Letter: In support of Robert Merry and immigrant labour
I feel moved to respond to Robert Merry’s column of last month, in which he bravely urges your readers to support the welcoming of skilled labour from overseas into our domestic stone industry.
It is a courageous view to share in stone circles and he is to be commended for it. My experience has shown me that British construction workers (of various trades, including stonemasonry) are on the whole much more resistant to the arrival of migrant labour than the nation at large. This is a problem which industry leaders must solve with sensitivity.
I share with Robert Merry the view that, far from ‘taking our jobs’ migrant labour creates net growth in our industry from which we all ultimately benefit.
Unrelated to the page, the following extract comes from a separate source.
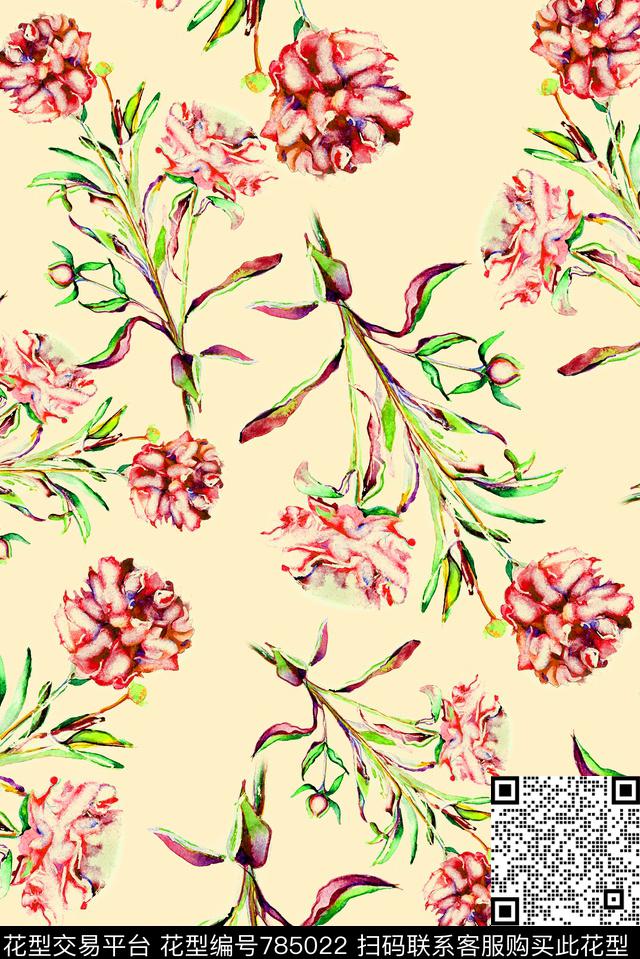 手绘精美绽放数码印花华亿平台下载（图片编号: 785022） - 瓦栏（Walan）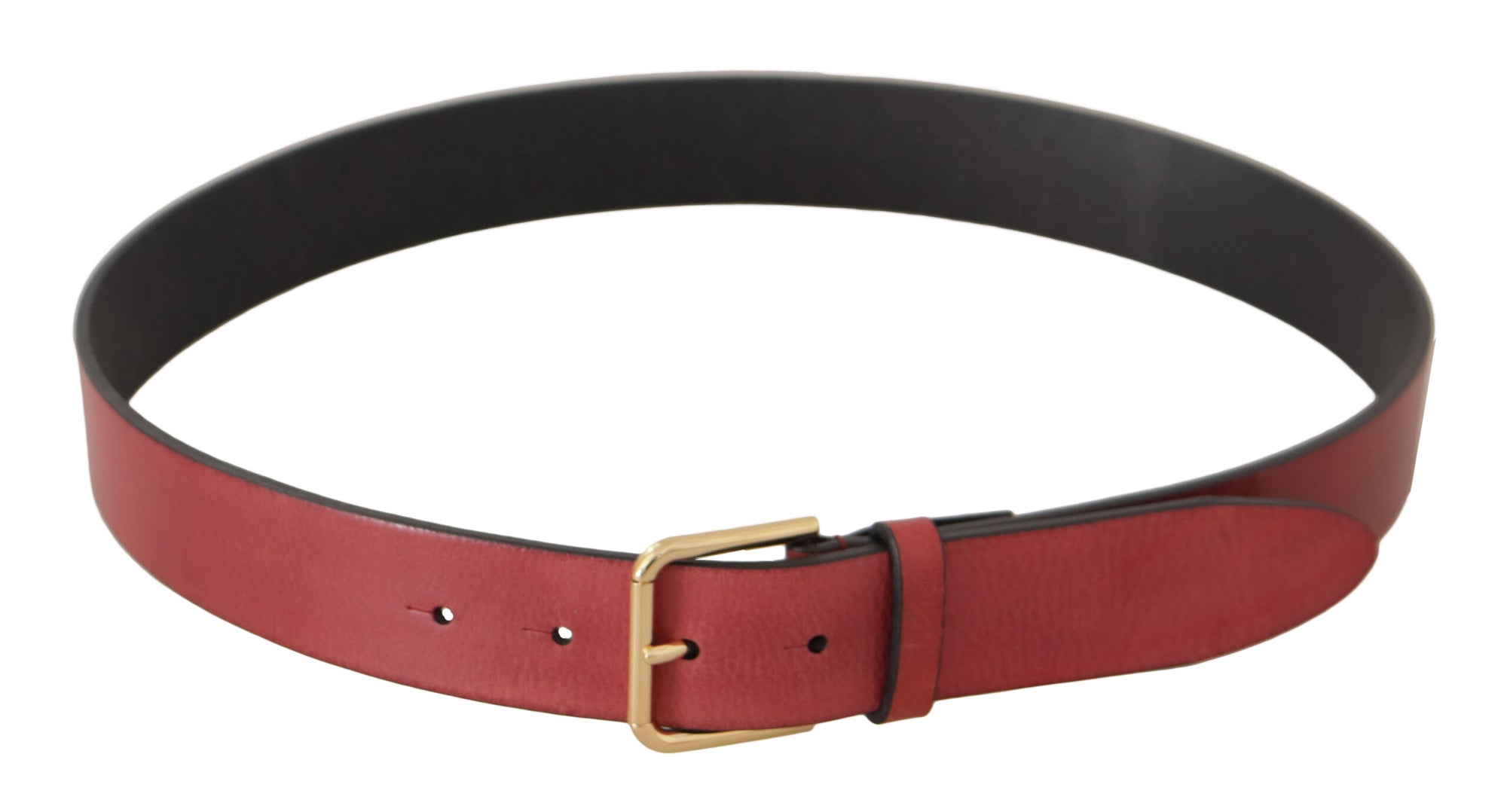 Dolce & Gabbana Red Leather Gold Logo Engraved Metal Buckle Belt - Maison Luxe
Stonemasonry has, since its earliest days, always been an industry where workers have followed jobs across international borders (think of Norman masons from present-day France building Britain’s earliest cathedrals and castles right up to today and the French and German masons who have been working on York Minster) and the liberty for masons to pursue work internationally must be one of the most significant factors behind the creation of Europe’s most prestigious built heritage.
None of the cathedrals in Britain or the rest of Europe, for example, could have been designed and built so magnificently in isolation without continuous access to the workforces and the shared skills and knowledge of stonemasons from neighbouring nations. It is no different in our day and we must not shut ourselves out.
Alex Wenham.
Alex Wenham is a prizewinning British stone carver based in Oxford.